Your instructions: Nothing but the lines below from the one containing "Only Cool People" through the one containing "ML EVENTS PRESENTS" should appear in the answer, exact and without pictures.

[Opening Extracted information section]

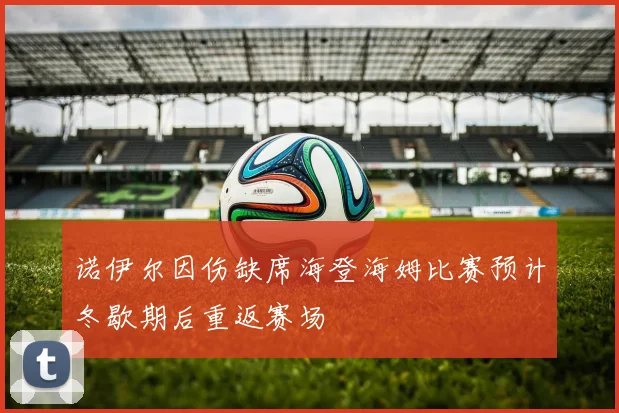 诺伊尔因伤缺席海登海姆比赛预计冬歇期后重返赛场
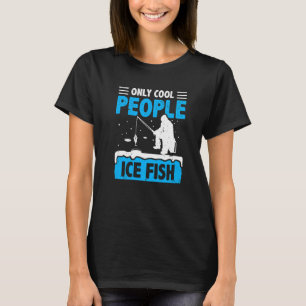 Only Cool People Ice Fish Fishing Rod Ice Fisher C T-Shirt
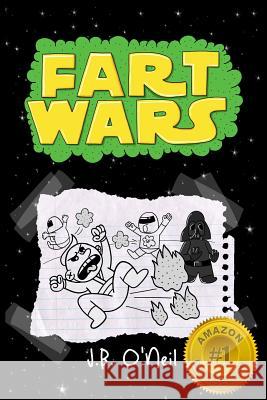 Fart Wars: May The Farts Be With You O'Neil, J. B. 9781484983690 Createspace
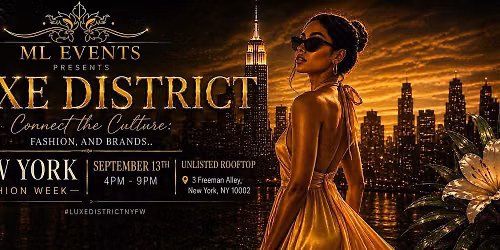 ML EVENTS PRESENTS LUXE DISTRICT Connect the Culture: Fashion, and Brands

[Closing Extracted information section]
[Opening Extracted information section]

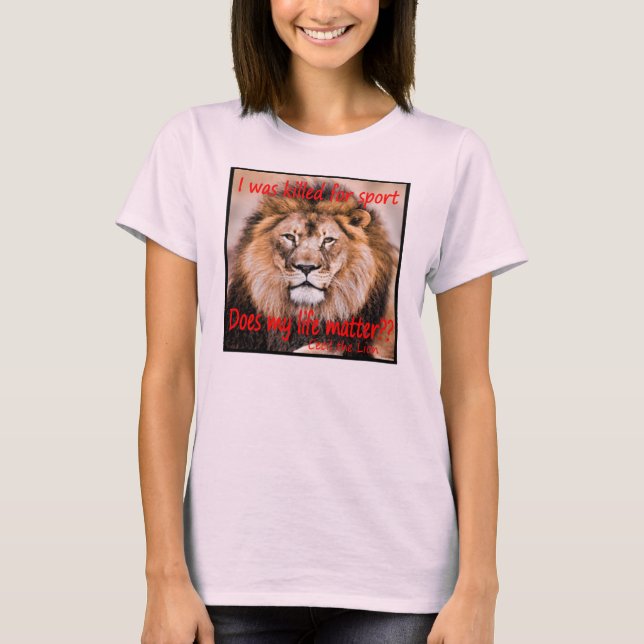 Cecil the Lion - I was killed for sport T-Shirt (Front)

[Closing Extracted information section]

Answer:
 Only Cool People Ice Fish Fishing Rod Ice Fisher C T-Shirt
 Fart Wars: May The Farts Be With You O'Neil, J. B. 9781484983690 Createspace
 ML EVENTS PRESENTS LUXE DISTRICT Connect the Culture: Fashion, and Brands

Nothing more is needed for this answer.